■ TRY IT
Starting at the line that contains "Balenciaga Balenciaga Seven" and ending at the final line of the entries below, write out each line exactly as it appears, but omit the pictures.

■ EXCERPTED RECORDS
=== Begin Enclosure ===

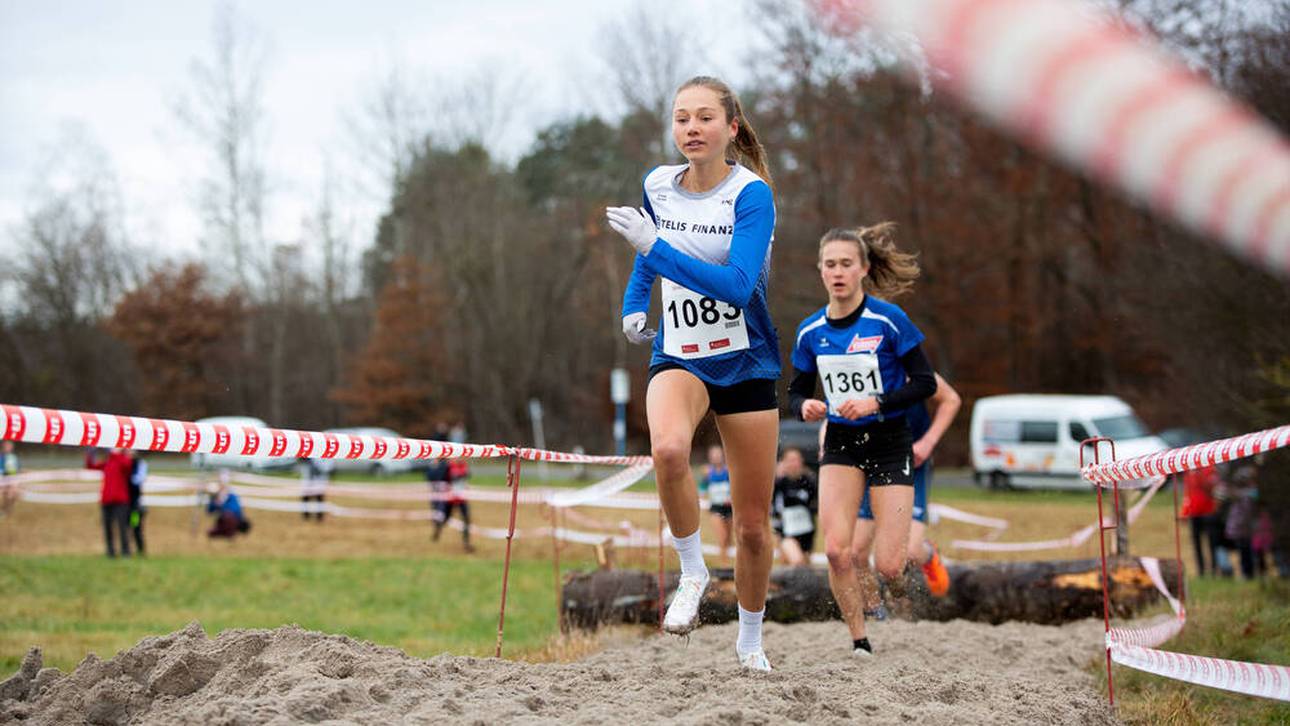 Teenager wandelt auf Klosterhalfens Spuren
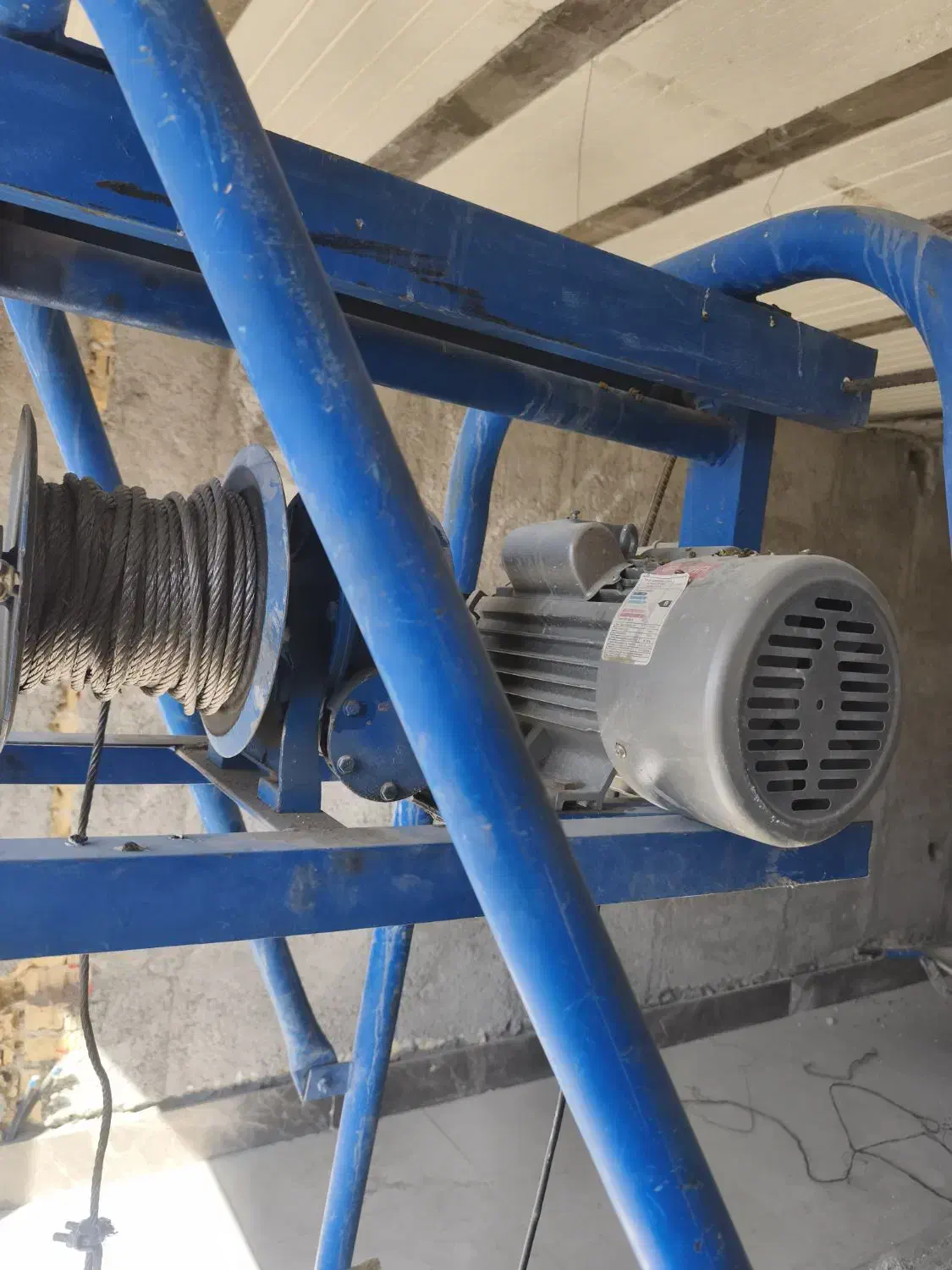 بالابر ساختمانی تک فاز|مصالح و تجهیزات ساختمان|سیدان, |دیوار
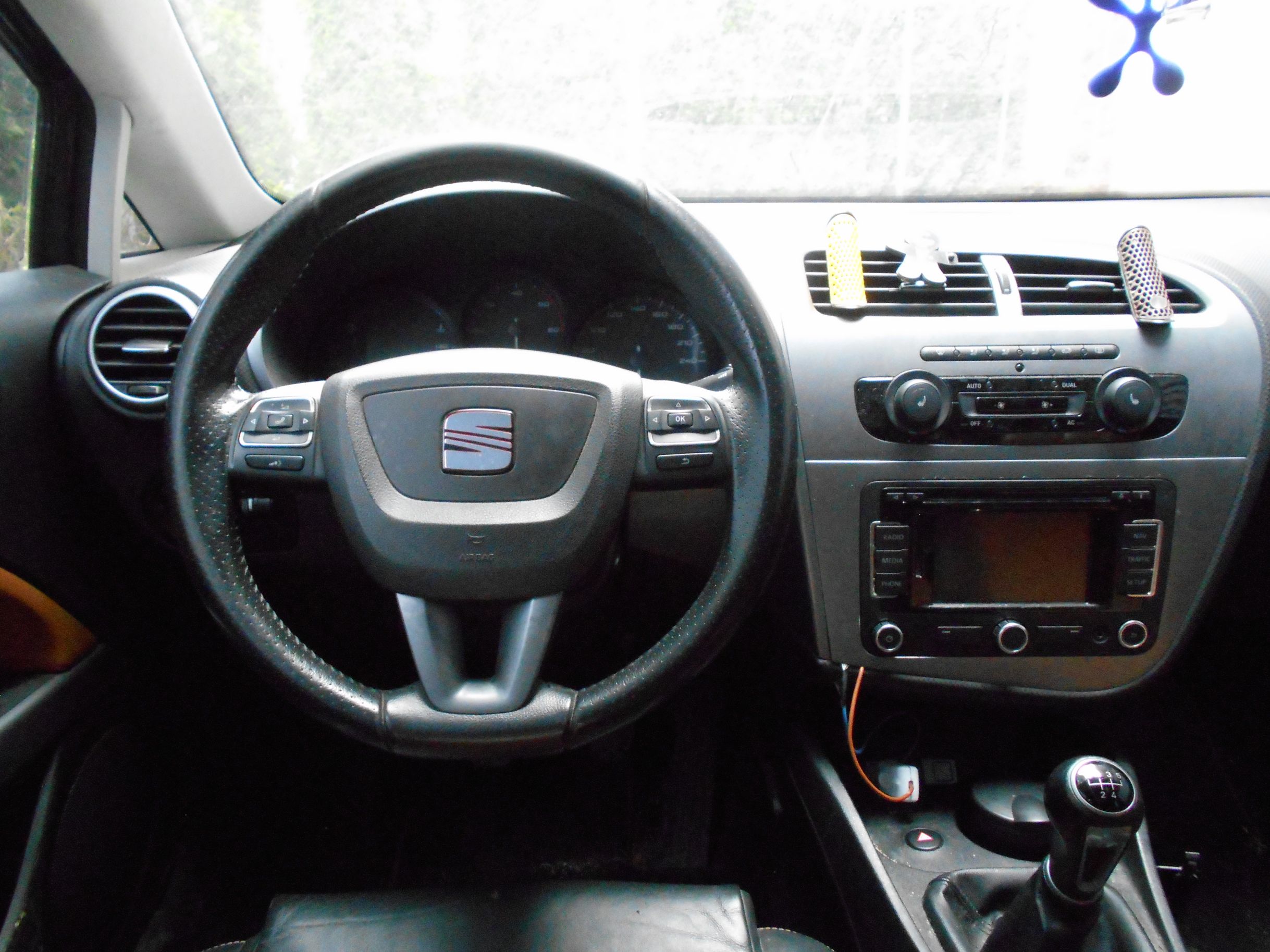 Wnętrze samochodu marki SEAT.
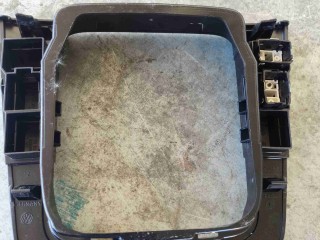 Рамка (накладка) рычага КПП, ориг. номер 3C0864263G, Volkswagen Passat B6 2005-2010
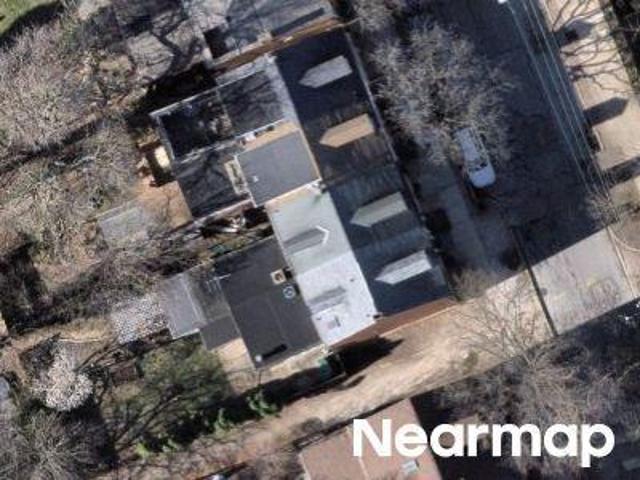 S Newberry St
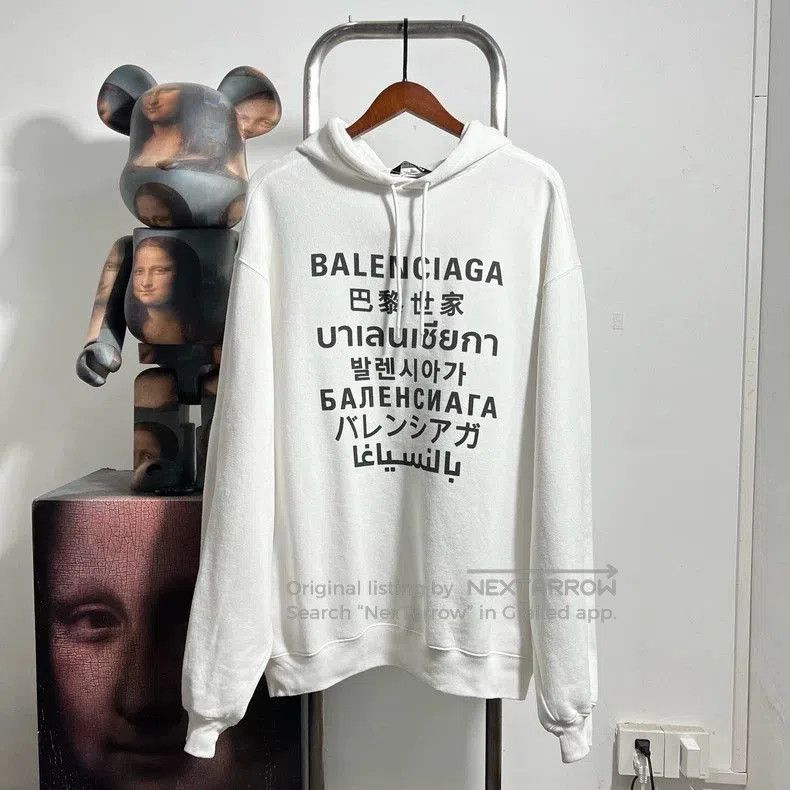 Balenciaga Balenciaga Seven Language Hoodie. Size US XXS / EU 40 - 1 Thumbnail
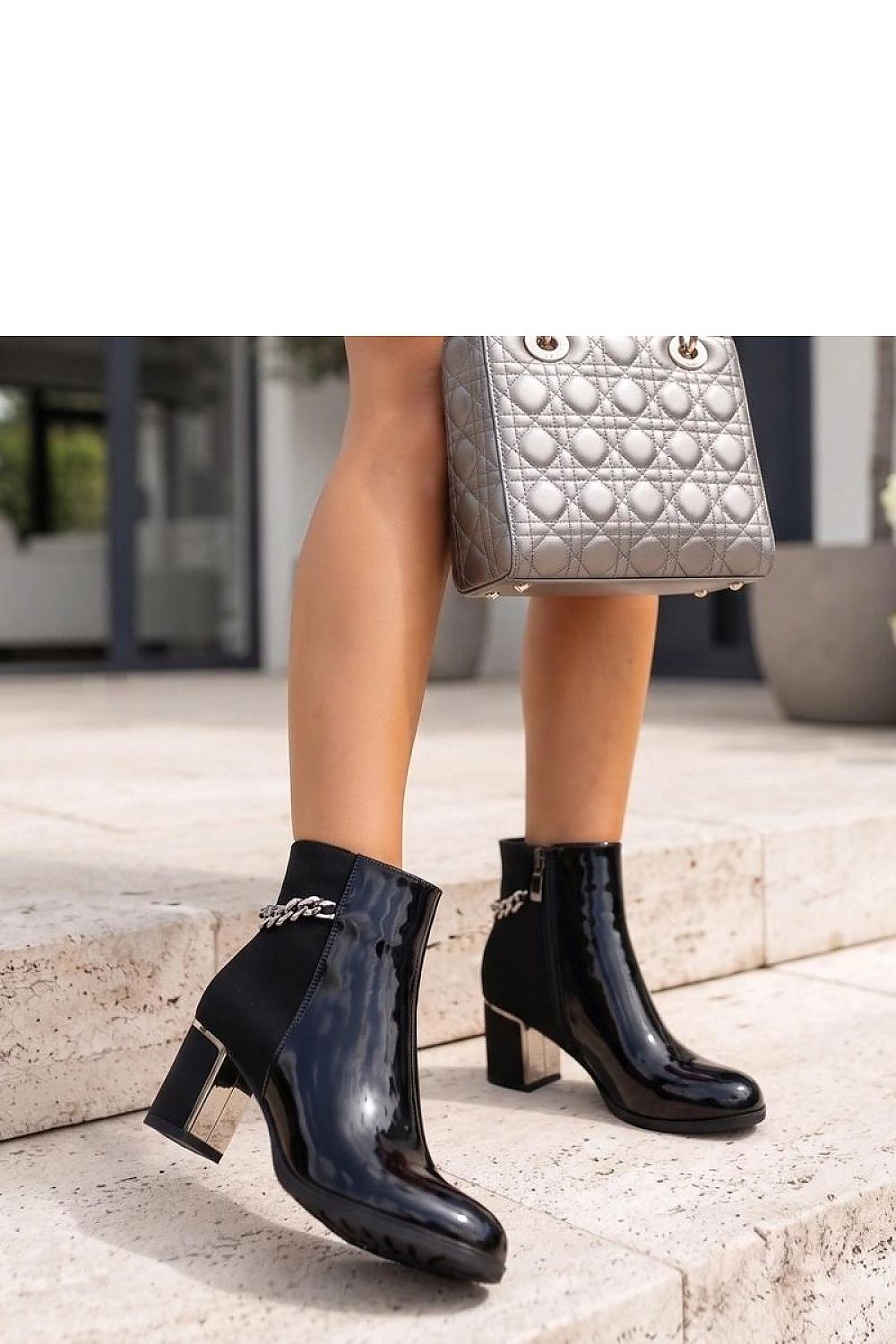  Botine cu toc model 231687 Solea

=== End Enclosure ===

■ RESPONSE FOR THIS EXERCISE
 Balenciaga Balenciaga Seven Language Hoodie. Size US XXS / EU 40 - 1 Thumbnail
  Botine cu toc model 231687 Solea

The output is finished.